Les mêmes raisonnements s'appliquent à d'autres cépages dans d'autres régions. Thierry Paucant, des pépinières Guillaume, préconise de planter ensemble les clones de merlot 343, 347 et 181, car ils sont proches agronomiquement et tous trois considérés comme qualitatifs. Ceux qui recherchent des vins plutôt corsés pourront augmenter la proportion du clone 181, aux baies plus petites et donc au rapport jus/pellicule plus faible.

Jean-François Ranvier, propriétaire du domaine des Muretins, à Tavel, dans le Gard, accorde beaucoup d'importance à la complémentarité entre les clones. Il réalise des polyclonales à chaque nouvelle plantation. En plus du gain de complexité organoleptique, il cherche à stabiliser ses rendements. « Mes parcelles répondent mieux au climat qui accompagne chaque millésime, confie-t-il. En grenache par exemple, les clones 362 et 513 sont plus coulards que d'autres. Lors des années peu coulardes, ces deux clones sont très qualitatifs, car leurs grappes sont très lâches et leurs baies concentrées. Mais en année défavorable, la récolte peut être mise en péril. La plantation de ces clones avec d'autres moins sensibles à la coulure permet de maintenir la quantité et la qualité de récolte pour chaque millésime. »

À la recherche de nouveaux clones. Il mène la même réflexion sur la sensibilité à la pourriture grise. En année humide, les clones à grappes lâches comme le 362 permettent d'assurer un bon état sanitaire. En années sèches, les baies plus grosses du clone 1064 garantissent un rendement correct.

Afin de préserver la diversité au vignoble, les prospections continuent. Pour les cépages principaux, il s'agit de trouver de nouveaux clones aux caractéristiques particulières. Pour les cépages secondaires, il s'agit tout simplement d'en trouver. Pour 63 variétés, aucun clone n'est à ce jour agréé. Le carignan blanc est dans ce cas. Des prospections ont été menées récemment dans le Languedoc, car ce cépage oublié semble revenir à la mode.

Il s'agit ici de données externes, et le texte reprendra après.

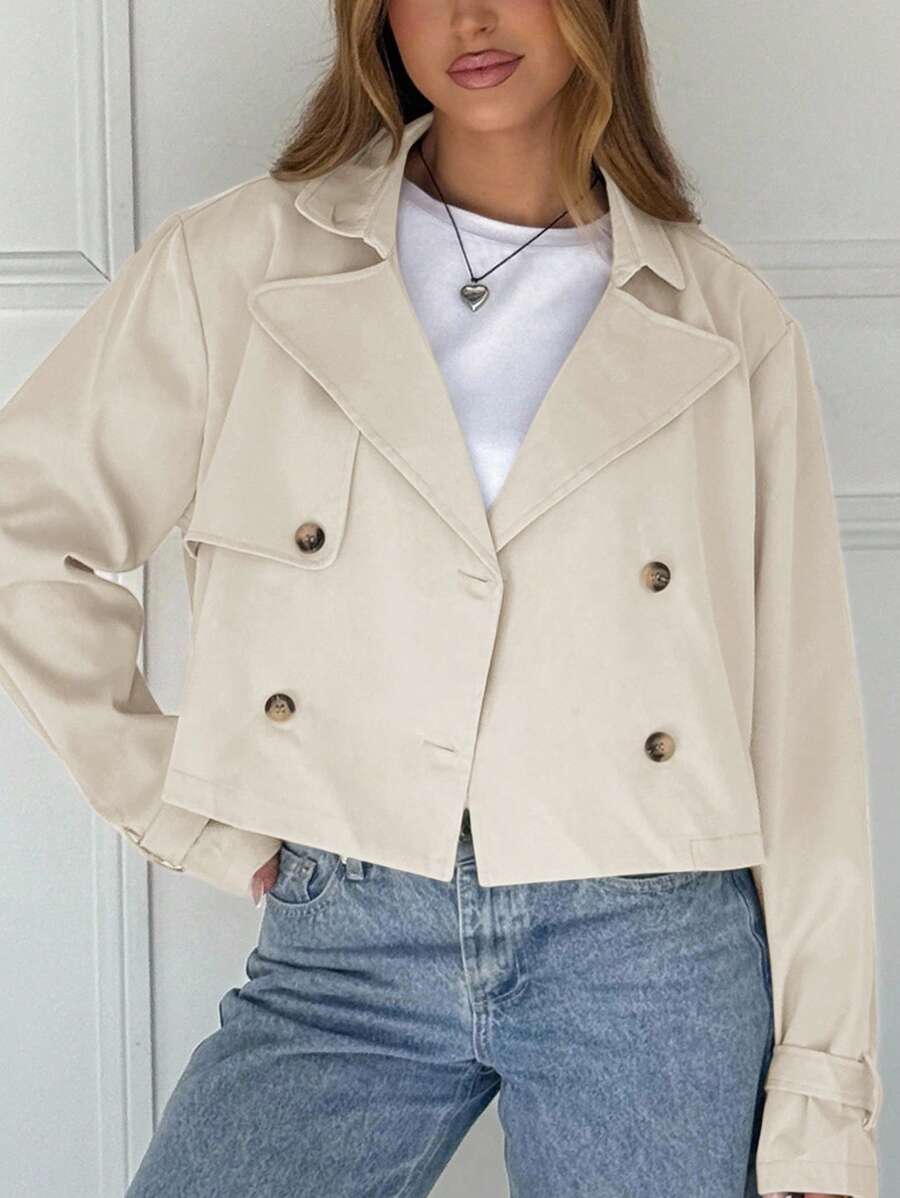 Women Double Breasted Cropped Jacket – Apricot Bomber Style – Oversized Casual Fit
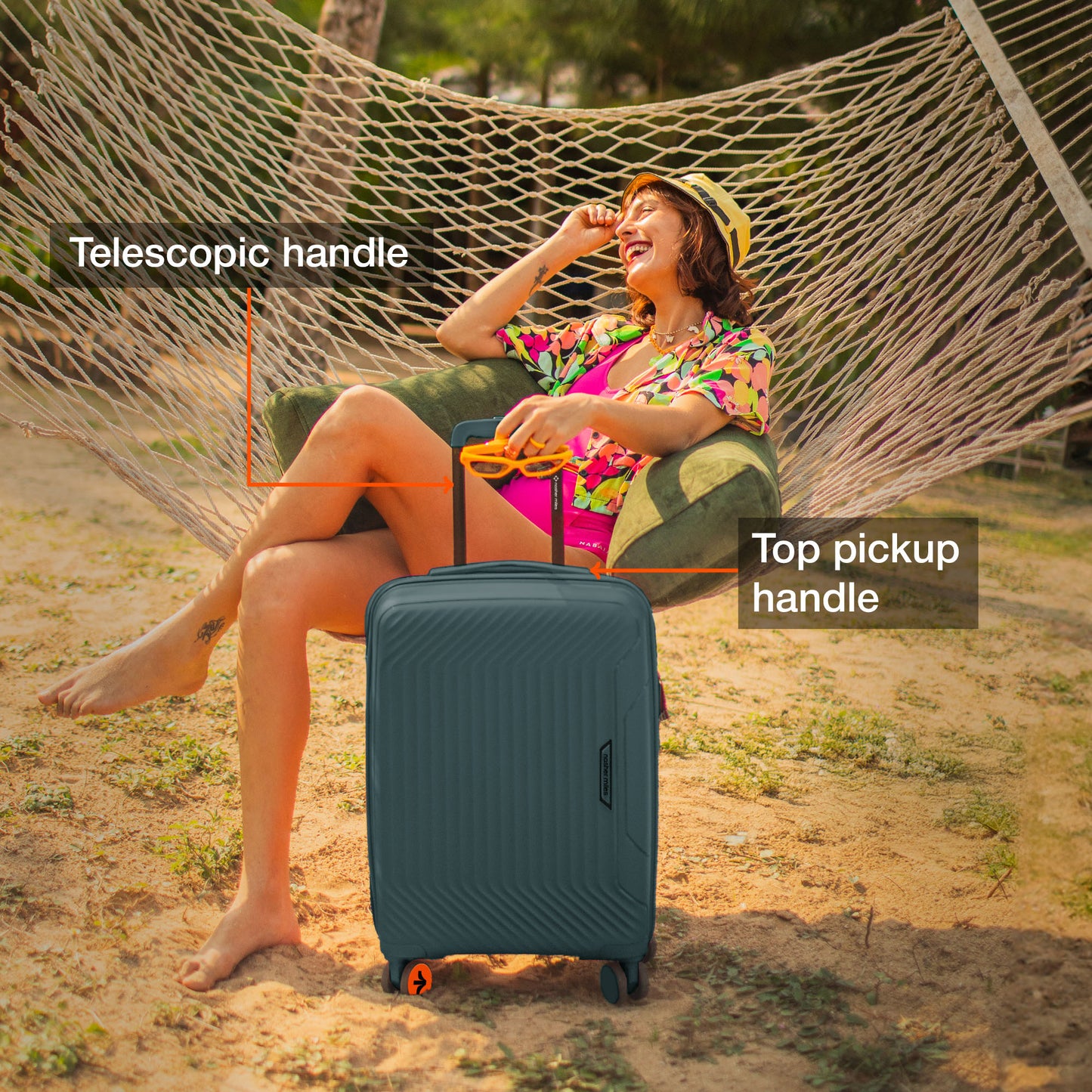 Nasher Miles Coorg Hard-Sided Polypropylene Cabin Luggage Olive Green 20 inch |55 Trolley Bag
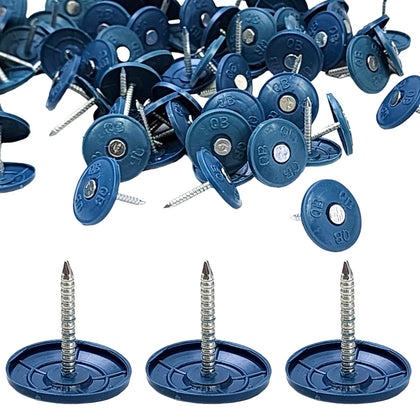 (2000 Pack) Round Plastic Cap Nail 1 Inch Roofing Nails Galvanized Tar Paper Nails for House Wrap Fastening Foam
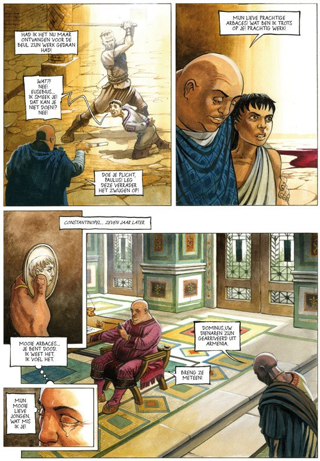 Dalla graphic novel "Apostata". Questo fumetto storico di Ken Broeders racconta la vita dell'imperatore romano del IV secolo Flavio Claudio Giuliano, noto come Giuliano l'Apostata. In 7 albi rappresenta la vita dell'imperatore dalla sua ascesa al potere alla sua fine.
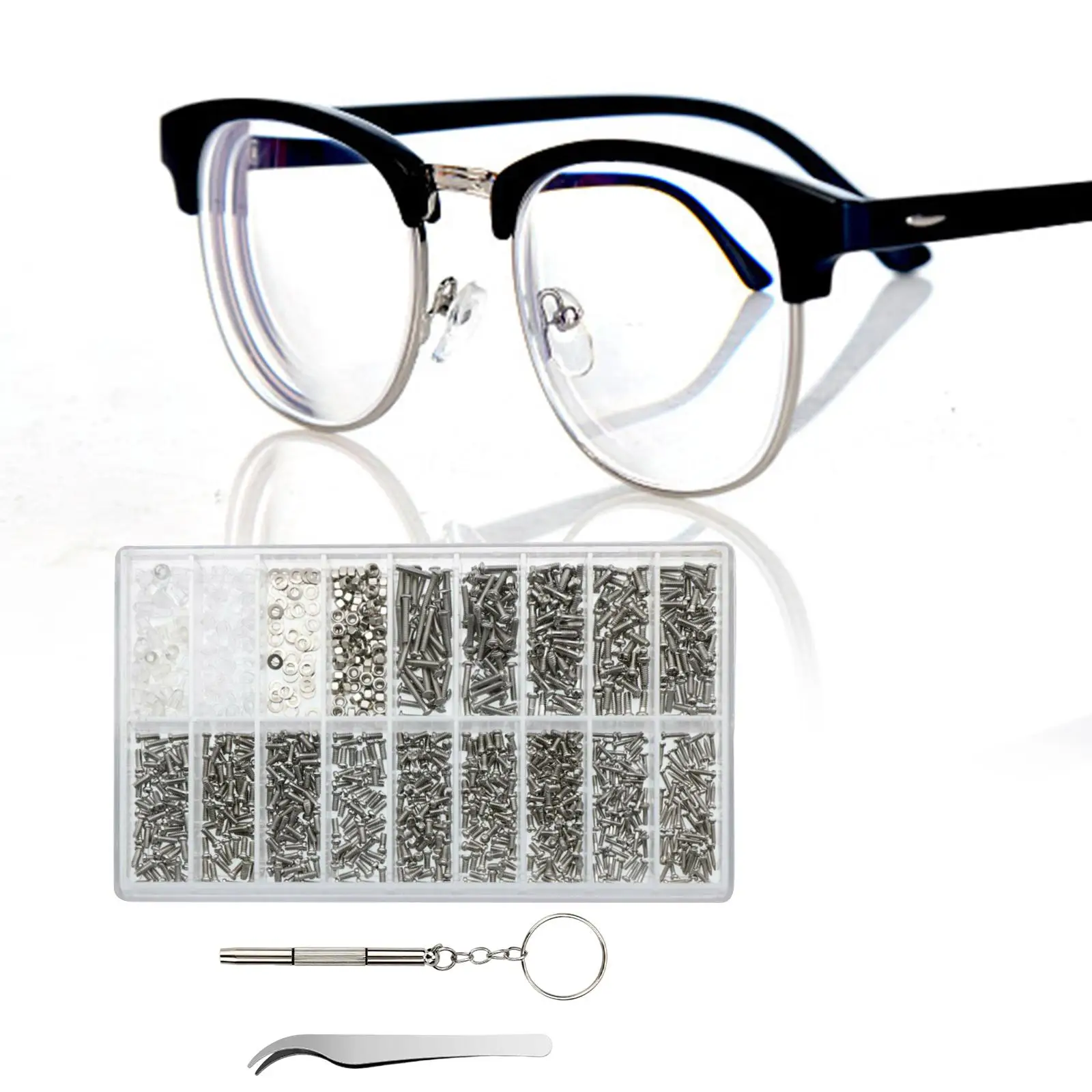 Complete Eyeglass Repair Kits Nose Pads with 1200 Tiny Screws Nuts Eye Glasses Repairing Kit for Clock Spectacles Repair Tool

Une priorité : conserver la biodiversité

À travers un gros travail de recensement et de prospection dans les vignes les plus anciennes, les conservatoires régionaux ont pour objectif de regrouper, conserver et maintenir la plus large diversité possible au sein d'un cépage donné. Lorsque toutes les vieilles parcelles auront été arrachées, ces conservatoires seront l'unique ressource pour de prochaines sélections clonales. Gérés par l'Inra ou l'IFV, il en existe à ce jour plus de 150. Au château de Mons, à Caussens, dans le Gers, 129 variétés du Sud-Ouest sont ainsi conservées sur 8 ares. La prospection reste très active afin de conserver le plus de biodiversité possible, tant pour les cépages principaux que pour les variétés secondaires, comme le mouyssaguès ou le fel blanc.

Quand les clones ne suffisent plus...

Pour Christophe Hébinger, responsable de la pépinière du même nom, à Eguisheim (Haut-Rhin), en Alsace, rien ne vaut la sélection massale pour amener complexité et richesse au vin. Engagé dans cette démarche depuis 1987, il propose à ses clients des sélections massales provenant d'une quinzaine de parcelles, toutes agréées par FranceAgriMer. Au départ, des viticulteurs souhaitaient conserver le patrimoine d'une de leurs vieilles parcelles leur donnant satisfaction. Christophe Hébinger a réalisé ce travail à leur demande. En même temps, il a observé les aptitudes agronomiques (productivité, précocité et richesse en sucre à la récolte) de ces différentes parcelles. Puis il a demandé à leurs exploitants l'autorisation de diffuser les bois des plus intéressantes de ces vignes. Il commercialise ainsi une quinzaine de sélections massales provenant d'autant de parcelles différentes. Beaucoup de ses clients se tournent vers elles, mais ils déplorent l'impossibilité de toucher les primes à la restructuration pour ce type de plantation.